The federal government’s track record of increasing regulatory burden on American companies extends to the convenience channel. More and more that burden has encroached on c-store food offerings.
Two food-related mandates that have climbed to the forefront of c-store concerns are Supplemental Nutrition Assistance Program (SNAP) criteria and menu labeling. Both were hot-button issues during 2016. It was just recently, however, that some new SNAP mandates initiated by the U.S. Department of Agriculture (USDA) were altered—to the relief of many c-stores.
For example, the earlier version of the rule would have required that 85% of a store’s food sales be from items that are not cooked or prepared at the location. Opposition pushed the USDA to trim the requirement to 50% of gross food sales. Also, the language was clarified, specifying that healthy snacks can count as staple foods.
“What I would add is that the Food and Nutrition Service (FNS) heard our comments and complaints about the proposed SNAP rule loud and clear,” said Jack Kofdarali, immediate past chairman of the National Association of Convenience Stores (NACS). “The final comments (ending May 18, 2016) helped to vastly change it in our favor.

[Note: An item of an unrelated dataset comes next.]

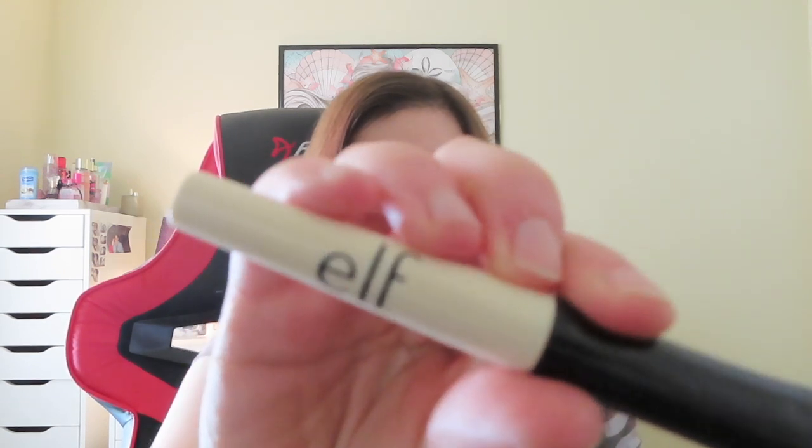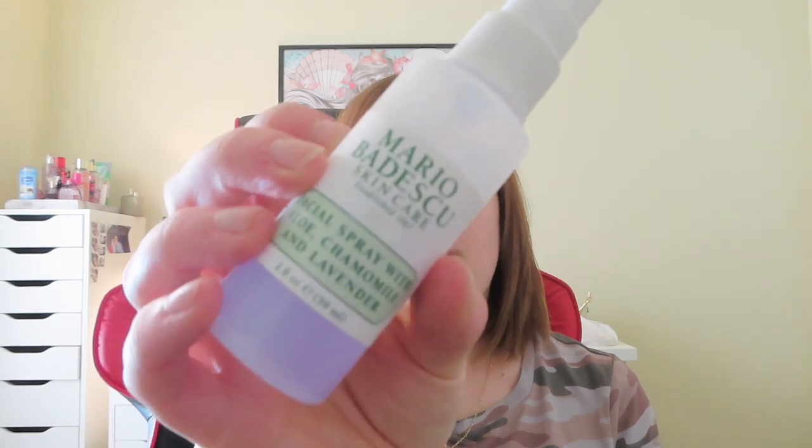And then I obviously primed my eyes with my favorite e.l.f. primer. You guys know this is my favorite eye primer — the one I swear by. It's like two to three dollars. It used to be a dollar, but it's so worth it, guys. Your eyeshadow stays on all day — it never creases and your eyeshadows blend perfectly. I recommend it; at least give it a try. And then I sprayed my face with my facial mist spray to set everything together.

While we do still have some questions for FNS we consider this a huge win for our industry.”
He acknowledges the final rule is still complicated.
Some studies indicate that many Americans, including the 15% of rural households that are food insecure, live several miles away from grocery stores or have restricted transportation options.
C-stores such as Kent Kwik—part of the Kent Cos., based in Midland, Texas meet an important need in these areas. Bill Kent, president and CEO of Kent Cos., said SNAP isn’t a highlight in every one of Kent Kwik’s 41 stores, but is a critical service at many locations.
“It varies from store to store, but it’s very important,” Kent said of his company’s participation in SNAP. “We need to be a part of it. We want to be a part of it. And in some stores, it’s a substantial part of their business. It’s important to the whole industry.”
A host of states have levied taxes on sugary drinks. Critics have argued that such taxes don’t help to reduce consumption, and that they feed bureaucracies that waste money instead of helping the public. Kent agrees and anticipates that new Trump administration will work to pare down some of the spread of government regulations that hovers over U.S. c-store operations.
“You hope there’s a general reduction in this regulatory creep that occurs,” said Kent, who serves on the NACS board, including its legislative committee.
“It’s like a glob that just keeps growing and consuming more and more.”
As part of the Affordable Care Act passed in 2010, the rules mandate that restaurants and retailers selling prepared foods in 20 or more U.S. locations must place calorie counts next to menu items or on menu boards.
Scheduled to be enacted industry-wide next year, the menu-labeling rule will tax retailers’ resources, said Kofdarali, who also serves as president of Corona, Calif.-based J&T Management Inc., that up to a year ago had operated 28 Arco/ampm stores in southern California.
Last year, Kofdarali sold 24 of those stores and is looking at other industry opportunities.
“The new administration is aware of the importance of fixing the menu labeling law,” said Kofdarali. “Congressional leaders have indicated it is near the top of the list of regulatory changes in need of swift action in 2017, as retailers are already beginning to spend money to prepare for a May 5, 2017 compliance date.”